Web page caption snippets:
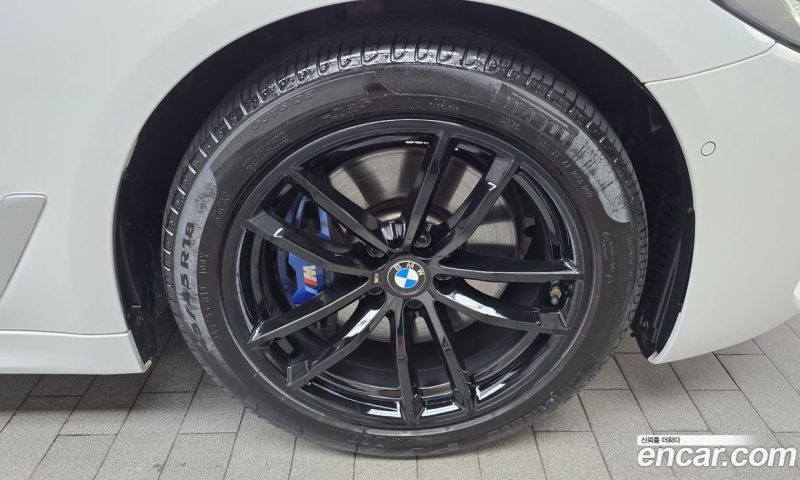 BMW 5-Series 523D xDrive M Sport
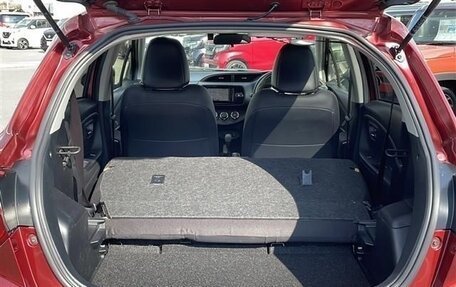 Toyota Vitz, 2019 год, 750 000 рублей, 19 фотография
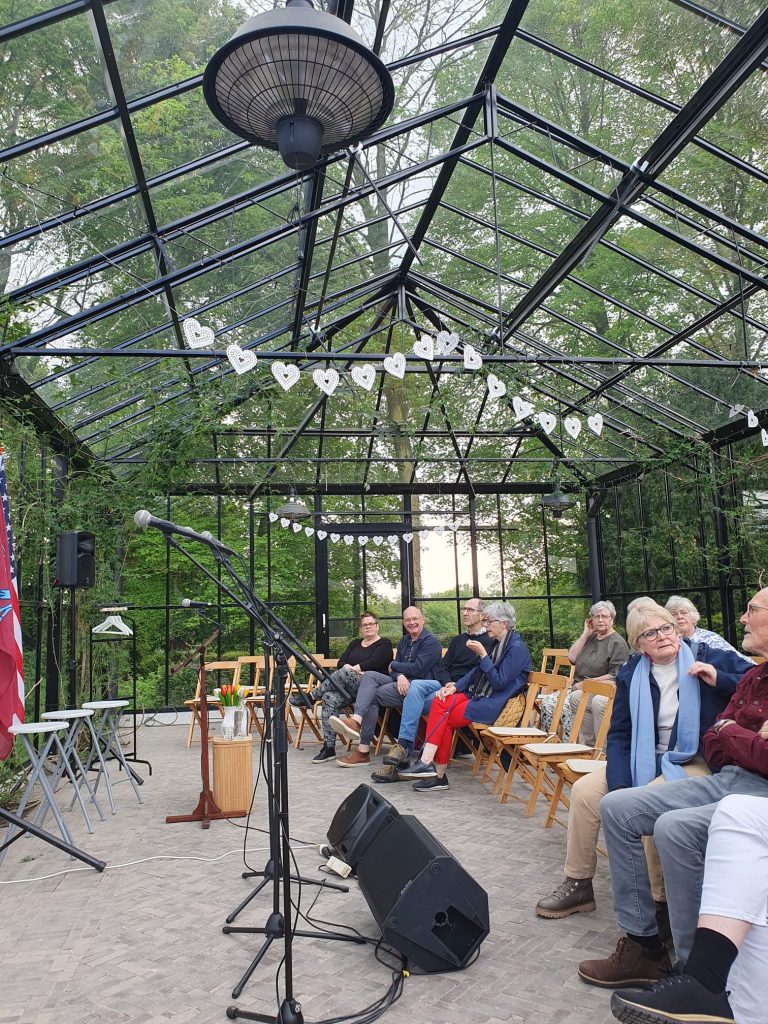 Publiek in de kas bij het optreden van The VocalS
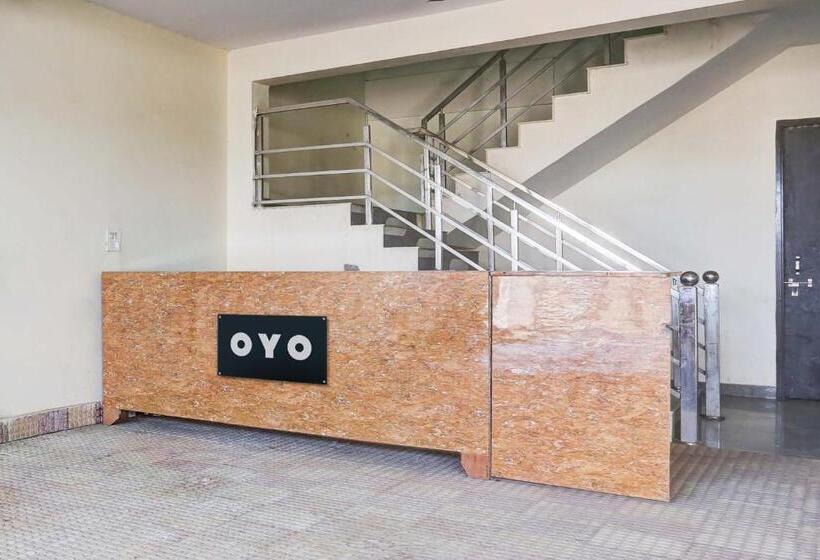 בית מלון כפרי Flagship Crystal Residency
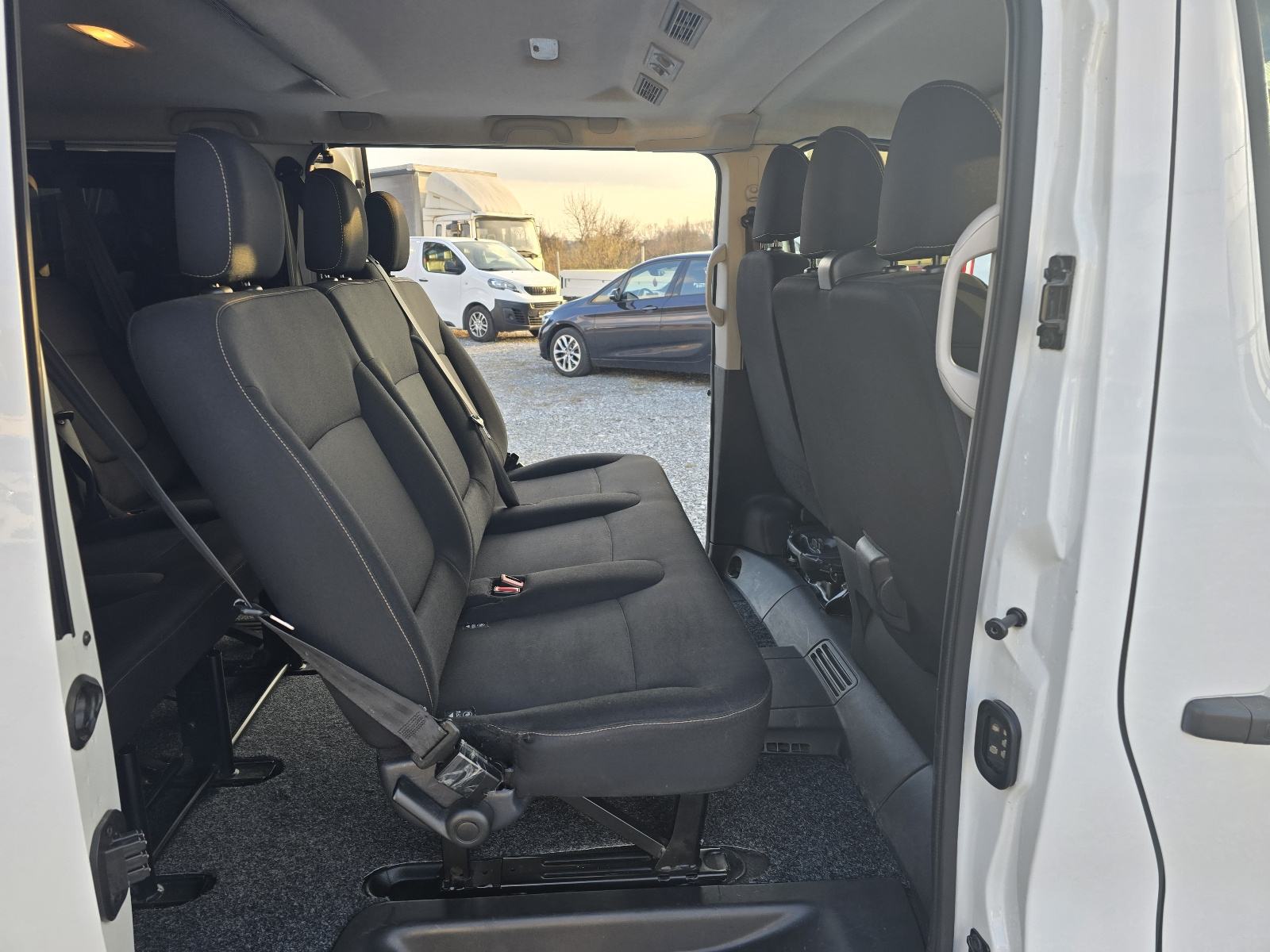 Renault Trafic PUTNIČKI 9 sjedala, 1.6 dci, fotografija 17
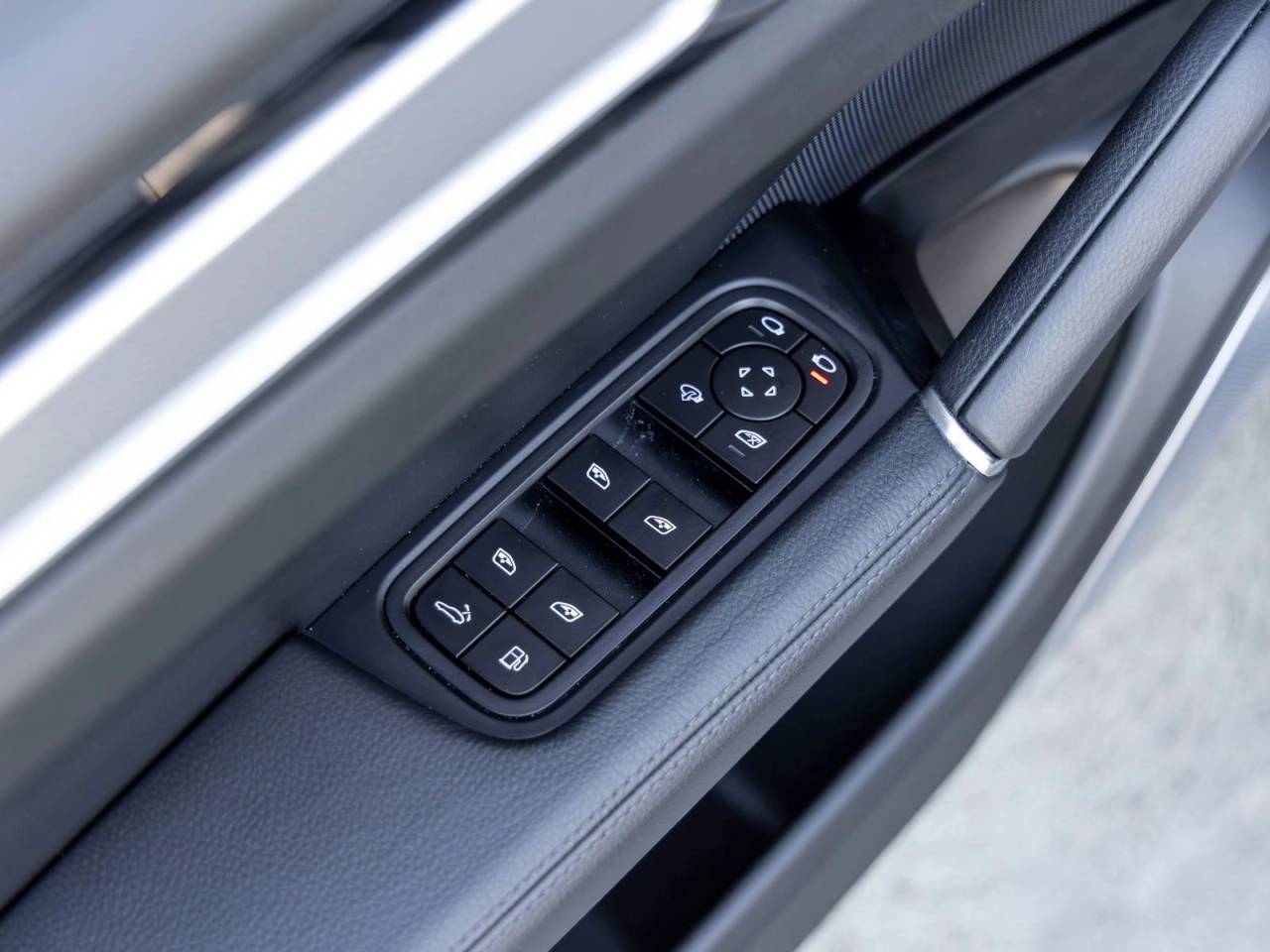 2023 Porsche Cayenne E-Hybrid Platinum Edition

◆ Exercise description
The records above are to be retyped exactly, with every picture left out.

◆ Output for this task
 BMW 5-Series 523D xDrive M Sport
 Toyota Vitz, 2019 год, 750 000 рублей, 19 фотография
 Publiek in de kas bij het optreden van The VocalS
 בית מלון כפרי Flagship Crystal Residency
 Renault Trafic PUTNIČKI 9 sjedala, 1.6 dci, fotografija 17
 2023 Porsche Cayenne E-Hybrid Platinum Edition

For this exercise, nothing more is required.